裁判年月日 平成14年 2月22日
事件番号 平13(行ヒ)142号(最高裁)
事件名 審決取消請求事件
当事者の表示 別紙当事者目録記載のとおり
上記当事者間の東京高等裁判所平成12年(行ケ)第476号審決取消請求事件について、同裁判所が平成13年2月26日に言い渡した判決に対し、上告人から上告があった。よって、当裁判所は、次のとおり判決する。
主 文
原判決を破棄し,本件を東京高等裁判所に差し戻す。
理 由
上告代理人松村信夫、同和田宏徳、同塩田千恵子、同岩井泉、同清末康子の上告受理申立て理由について
1 原審の確定した事実関係等の概要は、次のとおりである。
株式会社レバンテ(以下「訴外会社」という。)は、平成4年12月17日、「ETNIES」の欧文字を横書きした商標につき、指定商品を商標法施行令別表第25類洋服等として商標登録出願をし、同商標は、平成8年1月31日、設定登録された(登録第3116038号。以下「本件登録商標」という。)。本件登録商標に係る商標権は、訴外会社から上告人に対し一部移転され、平成11年1月21日、その旨の登録がされ、以後、上告人と訴外会社は、上記商標権を共有している。
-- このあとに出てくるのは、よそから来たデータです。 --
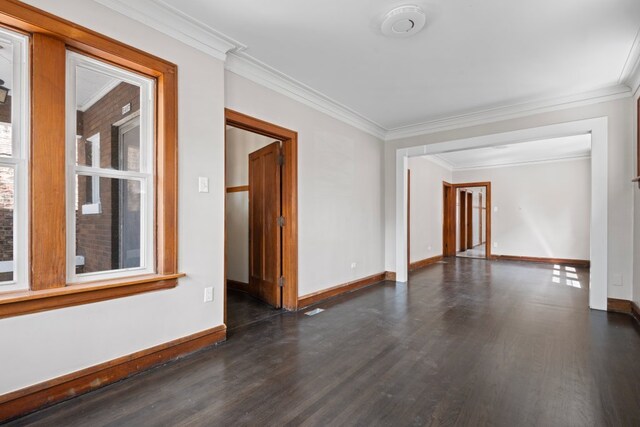 5407 S Justine St, Chicago, IL 60609 - empty room featuring dark wood-style flooring and crown molding
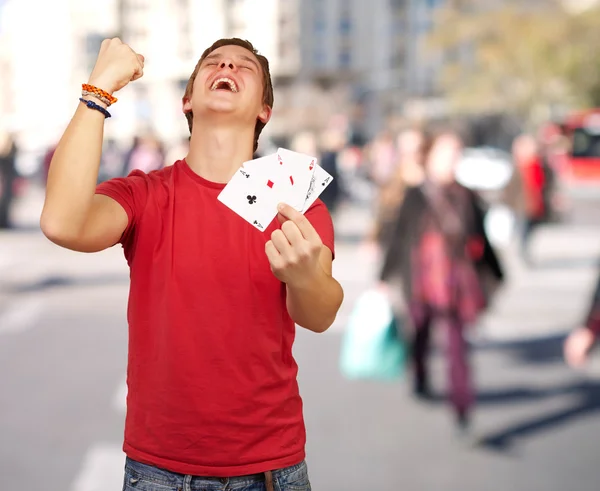 Portrait of young man doing a winner gesture playing poker at cr — Stock Photo, Image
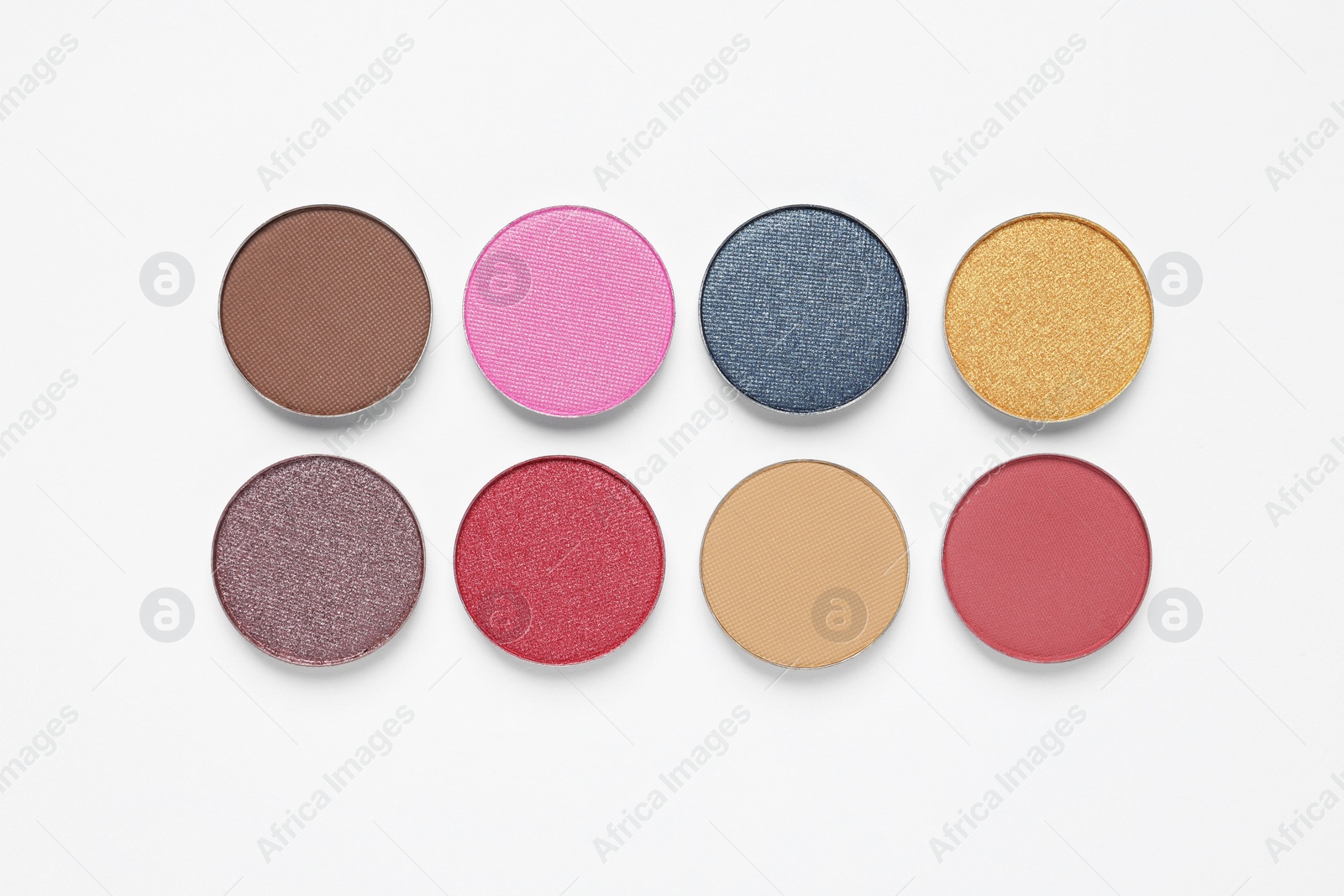 Photo of Different beautiful eye shadows on white background, flat lay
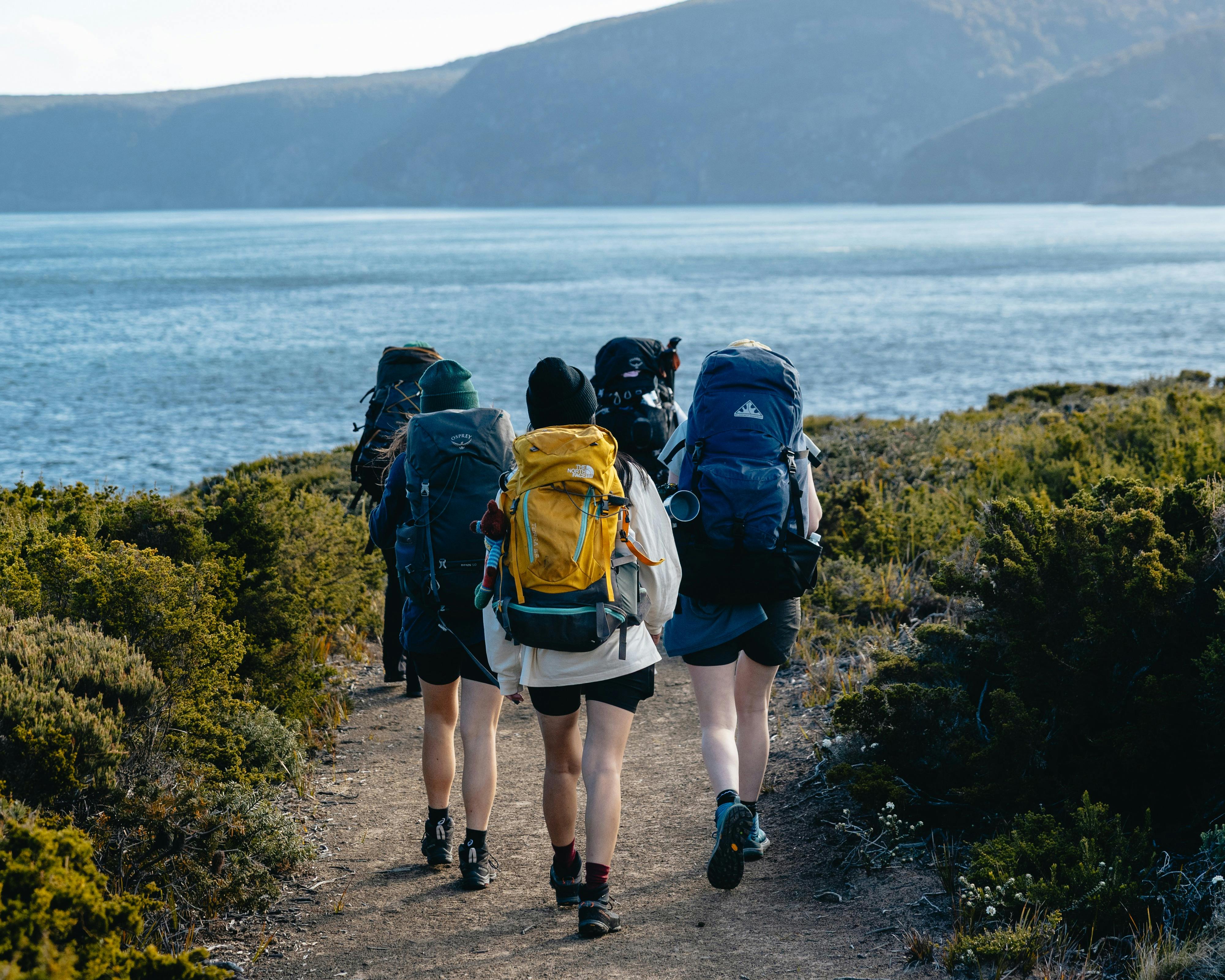 Group of women with packs on their pack walking to find camp at dusk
被上告人は、平成11年8月20日、上告人及び訴外会社を被請求人として、本件登録商標に係る商標登録を無効にすることについて、審判請求をした。
特許庁は、平成12年10月26日、上記審判事件につき、商標法4条1項19号該当を理由として、本件登録商標に係る商標登録を無効にすべき旨の審決をした。
2 本件訴えは、上告人が単独で上記審決の取消しを請求するものであるところ、原審は、次のとおり判断して、本件訴えを却下した。
共有に係る商標権につき、商標登録を無効にすべき旨の審決(以下「無効審決」という。)の取消しを求める訴えは、共有者の有する1個の権利の存否を決めるものとして、合一に確定する必要があり、固有必要的共同訴訟である。商標法は、商標登録を受ける権利又は商標権の共有者中に権利の取得又は存続の意欲を失った者がいる場合には、1個の商標権全体について、その取得又は存続ができなくともやむを得ないとしているから(商標法56条1項の準用する特許法132条3項等)、無効審決に対する取消訴訟の場合に同様の扱いをすることが不合理とはいえない。
訴外会社に対しても、上告人に対するのと同時期に審決の謄本の送達がされたものと推認されるところ、訴外会社が訴えを提起しておらず、出訴期間を経過したから、上告人のみの提起に係る本件訴えは、不適法である。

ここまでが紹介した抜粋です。